This is an anonymous post sent in by a member who does not want their name disclosed. Please be thoughtful with your responses, as these are usually tough posts to write. Email email@example.com if you'd like to leave an anonymous comment.
Some background for reference:
I'm a long time "ops" guy, who codes web apps for fun. I spent a large part of my career as manager of an ops team that managed apps, but not hosts. We partnered with infra to set up servers to our specs, mount storage, and open ports. We where given credentials to provision the machine. We handled the day to day support operations for the applications. I was lucky enough to be a part of a grass roots movement to implement DevOps before it became a buzzword.
From there I did some consulting and bounced around for a few years. Then I was offered the opportunity to manage a Site Reliability Engineering team. This was a new concept for me, but after doing some research, It wasn't anything new for me.
A couple years in there is one blazing truth. We are not a SRE team. I work for a large company with a micro service architecture, around 300 services in total. Ops teams are not integrated with development teams. I'm now trying to re-tool my team to better fit the company needs.
My proposal is our team of eight works with product owners to understand the portfolio of applications under their domain. We would help to make sure things like graceful degradation, and observability are being considered along with functional features. We would help build monitors and alerts, and work tightly with our 24/7 noc. We would build and manage alerting and incident management tools for our noc, be level 2 support, and severe level incident managers. We would also be responsible for unplanned production changes, lake feature flags, cache flushes, and adhoc batching jobs.

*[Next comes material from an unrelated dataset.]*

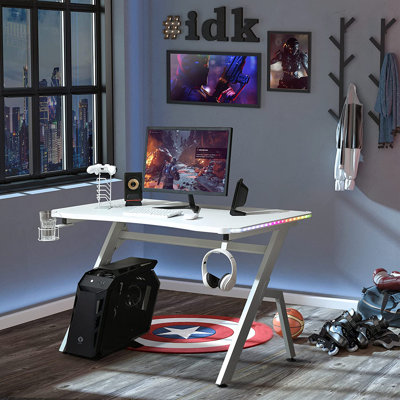 Dalessandro Metal Base Computer Desk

We are not positioned to take part in things like infrastructure architecture, or server management. We are more dev facing that infra ops. There is a need there, and a great opportunity. I see a lot of similarities on the team I used to manage in the first paragraph up there. Is anyone aware of a team structure, or concept similar to this? I'm looking for examples or resources to help set direction.
TL;DR Are there any devs who are aware of a team that "manages" and supports their apps in production, but isn't a traditional operations team?